Weder das BFSG noch die BFSGV fordern von den ­adressierten Unternehmen eine „Übersetzung“ der verwendeten Texte in die sogenannte Leichte Sprache. Das Behindertengleichstellungsgesetz (BGG), durch das seit 2021 der öffentliche Sektor verpflichtet wird, Benachteiligungen von Menschen mit Behinderungen zu beseitigen und zu verhindern, verlangt, dass sämtliche Informationen auch im geregelten Textformat der Leichten Sprache wiedergegeben werden. In Abgrenzung dazu fordert das BFSG von den Privatunternehmen, dass Informationen in „verständlicher Weise“ dargestellt werden. Hierbei ist „verständliche Weise“ auf zwei Ebenen zu begreifen: Zum einen dahingehend, dass in gestalterischer Hinsicht die relevanten Informationen geordnet und einem ­logischen System folgend aufbereitet werden. Zum anderen insoweit, dass verworrene Schachtelsätze vermieden werden sollten und das vorausgesetzte Sprachniveau B2 nicht überstiegen werden sollte.

Bereits die technische Umsetzung und der Einsatz unter­stützender Technologien werden daher eine intensive Zusammenarbeit mit IT- und Softwaredienstleistern ­sowie unterstützenden KI-Anbietern erfordern. Darüber hinaus dürfte eine enge Abstimmung mit den Abteilungen von Marketing und Webdesign nötig werden, um gestalterische Fragen anzugehen.

Veränderung der Wesensmerkmale und weitere Ausnahmen

Das BFSG muss nicht umgesetzt werden, wenn es sich beim adressierten Unternehmen um ein Kleinst­unternehmen handelt, die Einhaltung der BFSG-­Anforderungen eine unverhältnismäßige Belastung für das Unternehmen darstellt oder die Einhaltung zu einer grundlegenden Veränderung der Wesensmerkmale des Produkts oder der Dienstleistung führen würde.

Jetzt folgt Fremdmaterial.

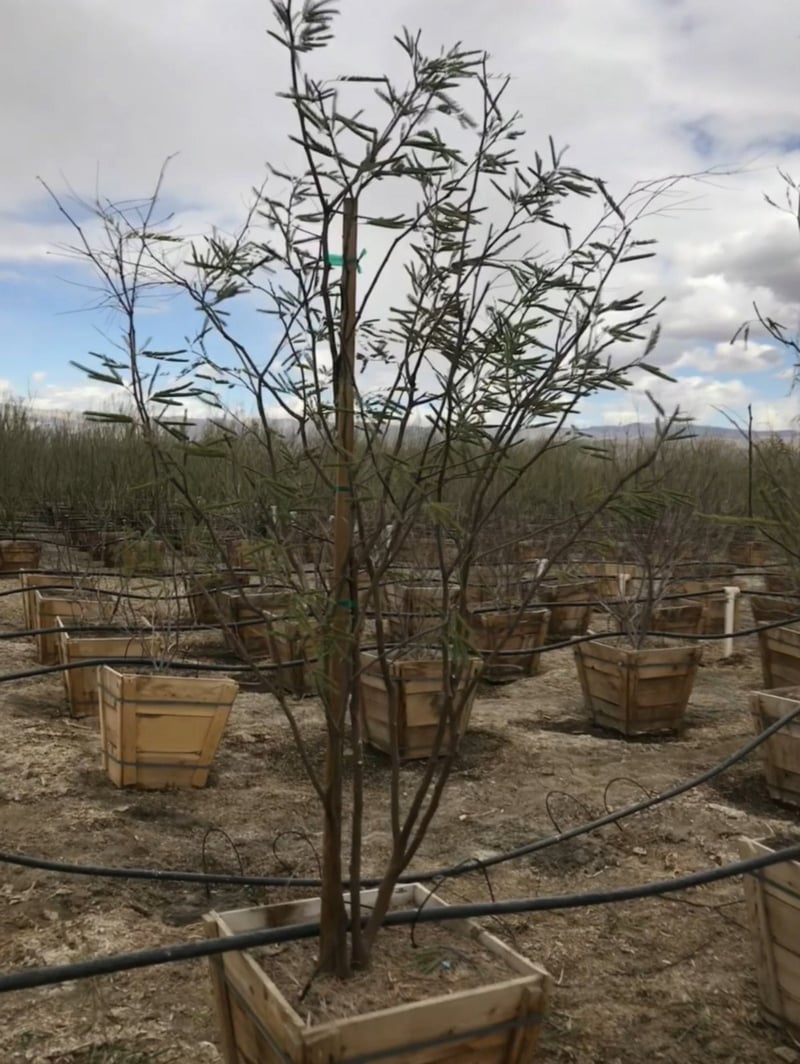 Photo for Prosopis chilensis (Multi) (Thornless Chilean Mesquite)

Während die Ausnahmeregelungen „Kleinstunternehmen“ und „unverhältnismäßige Belastung“ an rein ­numerischen Fakten beurteilt werden (Kleinstunternehmen: kumulativ weniger als zehn Mitarbeitende und weniger als 2 Millionen Euro Umsatz pro Jahr; unverhältnismäßige Belastung: Abgleich Umsatz Produkt/Dienstleistung mit den Kosten der Umsetzung), handelt es sich bei der Ausnahme „grundlegende Veränderung der Wesensmerkmale“ um einen auslegungsbedürftigen unbestimmten Rechtsbegriff. Um eine vorschnelle ­Annahme der Ausnahme zu unterbinden und Unternehmen durch dieses Schlupfloch dem BFSG nicht ­entfliehen zu lassen, ist eine zielorientierte Auslegung erforderlich:

Eine Veränderung der Wesensmerkmale wird wohl erst dann vorliegen, wenn Produkt beziehungsweise Dienstleistung vor und nach der Umsetzung des BFSG nicht länger deckungsgleich sind – sei es durch eine neue Funktion oder eine neue Wirkung. Der Begriff der ­„Wesensveränderung“ dürfte daher mit dem Begriff der „neuen Sache“ aus § 950 BGB vergleichbar sein. Auch hier beurteilt sich die Frage, ob eine neue Sache ­hergestellt wurde sowohl nach der Verkehrsauffassung als auch anhand von Indizien wie einem neuen Namen, einer Veränderung der Sachsubstanz, der Dauerhaftigkeit der Veränderung und einem neuen Erscheinungsbild.

Sanktionsmaßnahmen

Das BFSG sieht vor, dass die zuständige Marktüber­wachungsbehörde in bestimmten Fällen nicht nur ein Bußgeld in Höhe von bis zu 100.000 Euro festsetzen kann, sondern auch nach einer vorherigen Abmahnung anordnen darf, dass das Angebot oder die Erbringung der Dienstleistung eingestellt oder die Bereitstellung des Produkts auf dem Markt untersagt wird. Dieser aus der Einstellung beziehungsweise Untersagung resultierende wirtschaftliche Schaden dürfte das Bußgeld deutlich übersteigen.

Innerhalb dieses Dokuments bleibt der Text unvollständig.